In 2014 architect Dirk Bigaré invited George De Decker to take part in a special project: the integration of art into the new prison complex in Leuze-en-Hainaut (BE).
De Decker designed a series of 4 sculptures (in bronze, walnut, aluminium and leather/lead), as well as a large stained glass window and 2 paintings.
The bronze sculpture at the entrance is a metaphor for the irrepressible power of thought, the imagination: Why is that human figure there standing on his head? And why isn’t he placed centrally on that tall beam?
Etymologically the word ‘man’ has the same roots as the Latin mens – spirit or mind. Inmates aren’t just physically but also mentally isolated. But the mind can’t be confined, and so it is the inmates who hold the ultimate key to this prison. Their thoughts are free.
With this image, De Decker gives physical form to the sound of this ultimate sanctuary, the inner voice – le bruit de la pensée.

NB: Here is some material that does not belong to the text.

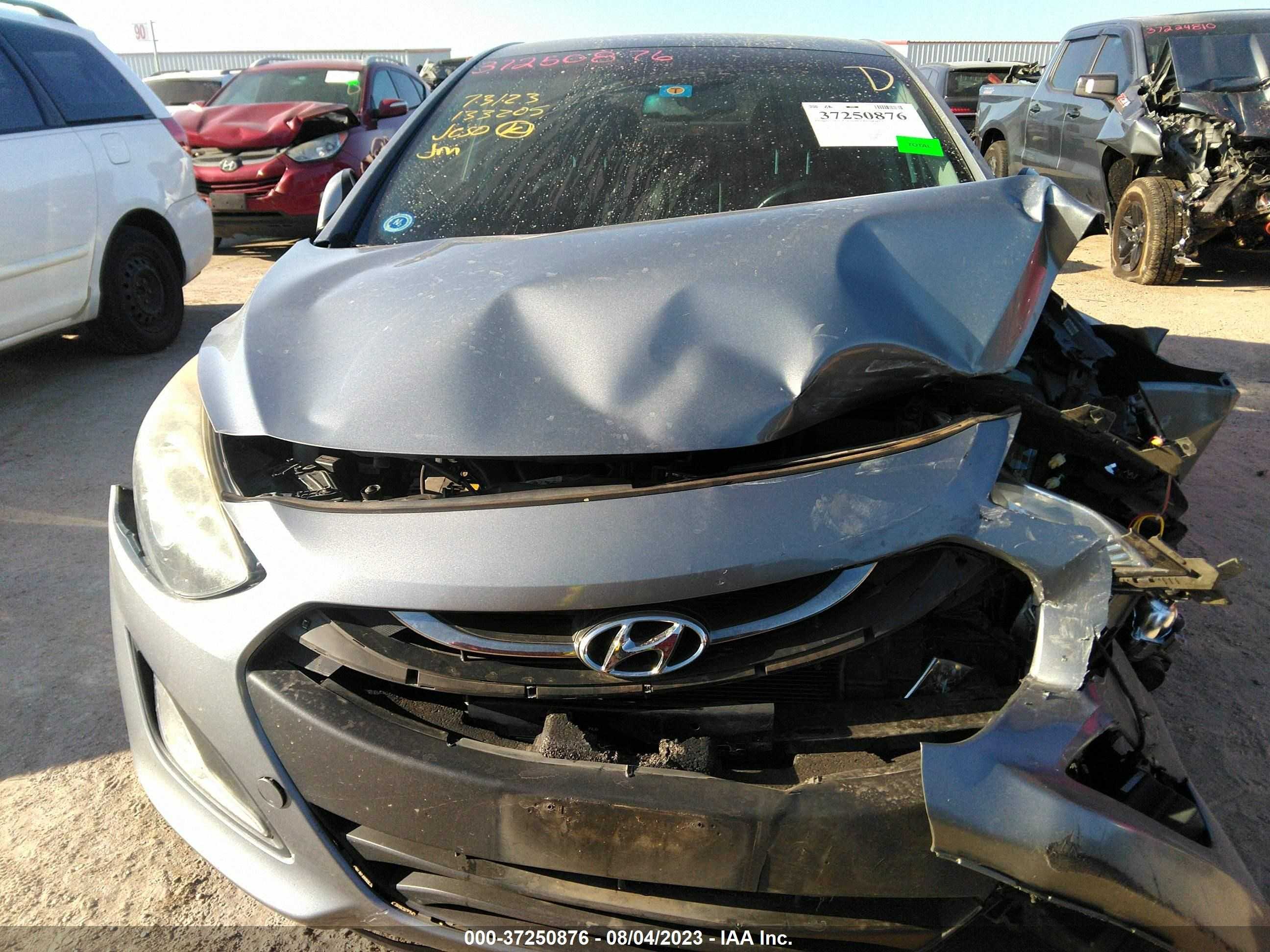 Photo 5 VIN: KMHD35LH9FU246386 - HYUNDAI ELANTRA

The large stained glass window (260/472 cm) that De Decker designed for this commission complements the four sculptures. It isn’t man who is central here, it’s the landscape into which man has been introduced. It is not the vertical, but the horizontal.
Nor is there any facile, noncommittal realism here. Instead, De Decker brings in the outside world by employing a subdued colour palette and the graphic grid pattern of the bars.